- EXERCISE PROMPT -
Go through the entries below and print each one exactly, leaving out pictures.

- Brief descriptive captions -

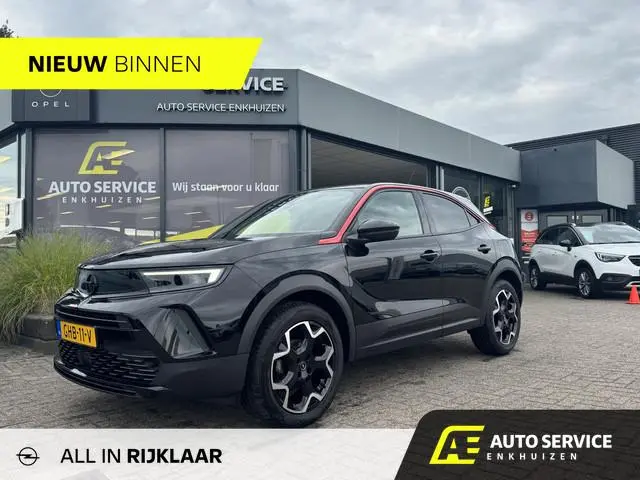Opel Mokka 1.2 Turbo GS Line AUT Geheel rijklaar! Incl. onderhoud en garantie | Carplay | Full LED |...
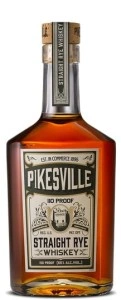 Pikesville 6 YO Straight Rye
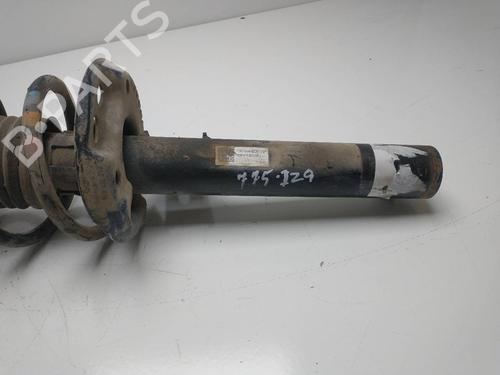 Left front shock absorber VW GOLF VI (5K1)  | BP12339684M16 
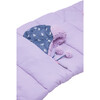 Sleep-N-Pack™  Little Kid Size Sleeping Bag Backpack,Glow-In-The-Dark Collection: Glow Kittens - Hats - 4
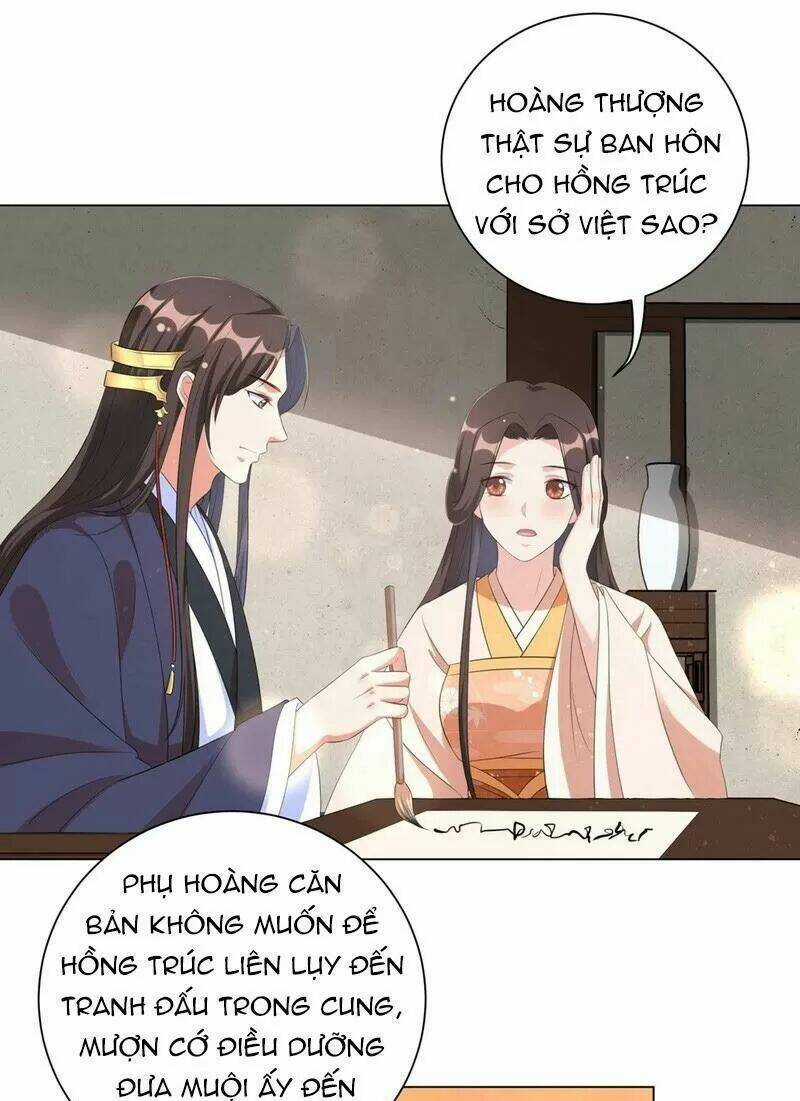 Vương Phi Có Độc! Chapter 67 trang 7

- COMPLETED EXERCISE -
Opel Mokka 1.2 Turbo GS Line AUT Geheel rijklaar! Incl. onderhoud en garantie | Carplay | Full LED |...
 Pikesville 6 YO Straight Rye
 Left front shock absorber VW GOLF VI (5K1)  | BP12339684M16 
 Sleep-N-Pack™  Little Kid Size Sleeping Bag Backpack,Glow-In-The-Dark Collection: Glow Kittens - Hats - 4
 Vương Phi Có Độc! Chapter 67 trang 7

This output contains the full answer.